Sasha Aleksi Mäkilä (born June 19, 1973) is a Finnish conductor, conducting pedagogue and musicologist. He is an associate professor at Uniarts Helsinki.

==Biography==

Sasha Mäkilä, born in Kerava, Finland, first studied cello at the Helsinki Conservatory before starting his conducting studies with Leonid Korchmar at the Rimsky-Korsakov State Conservatory of St. Petersburg, Russia. In 2004, while still a student, he was appointed conductor of the Symphony Orchestra of the Russian National Library in St Petersburg.
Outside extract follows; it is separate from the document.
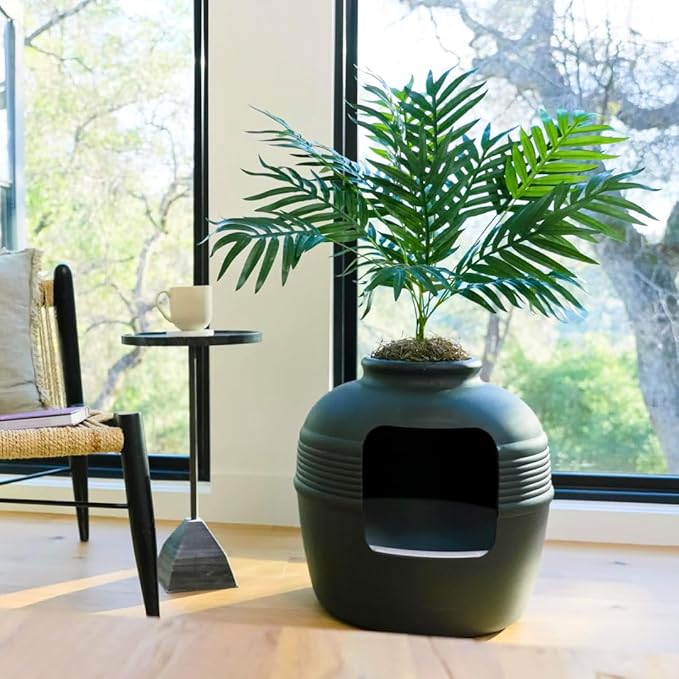 Good Pet Stuff Hidden Litter Box Planter, Decorative Cat Litter Enclosure with Carbon Filter & Faux Plant, Made in USA, Removable Liner, Odor Control, NEW Round Style, Essentials Kit, Matte Black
He later continued his studies at the Sibelius Academy with professor Leif Segerstam and at the American Academy of Conducting at Aspen with David Zinman. He also participated in master classes with notable conductors like Yuri Simonov, Kurt Masur and Jorma Panula.

In 2005 Mäkilä was a finalist in the Suwon International Conductors Competition in South Korea, and in 2006 he became a prize winner in the Sixth International Vakhtang Jordania Conducting Competition in the US.

From 2007 to 2010 Mäkilä served as assistant conductor to Kurt Masur at Orchestre National de France. From 2010-2012 he was Assistant Conductor of The Cleveland Orchestra under Music Director Franz Welser-Möst.

Sasha Mäkilä guest conducts orchestras in Europe, Asia, US and South Africa. He made his 2004 opera debut with the Helsinki Conservatory and later became the first in Finland to conduct operatic works of Philip Glass with Helsinki Skaala Opera. Mäkilä has also actively championed modern Finnish music, notably Kalevi Aho and Jukka Tiensuu.

In April 2012 Sasha Mäkilä was appointed Music Director of St. Michel Strings chamber orchestra in Mikkeli, Finland. In 2013 Helsinki University presented Sasha Mäkilä with the Pacius Award.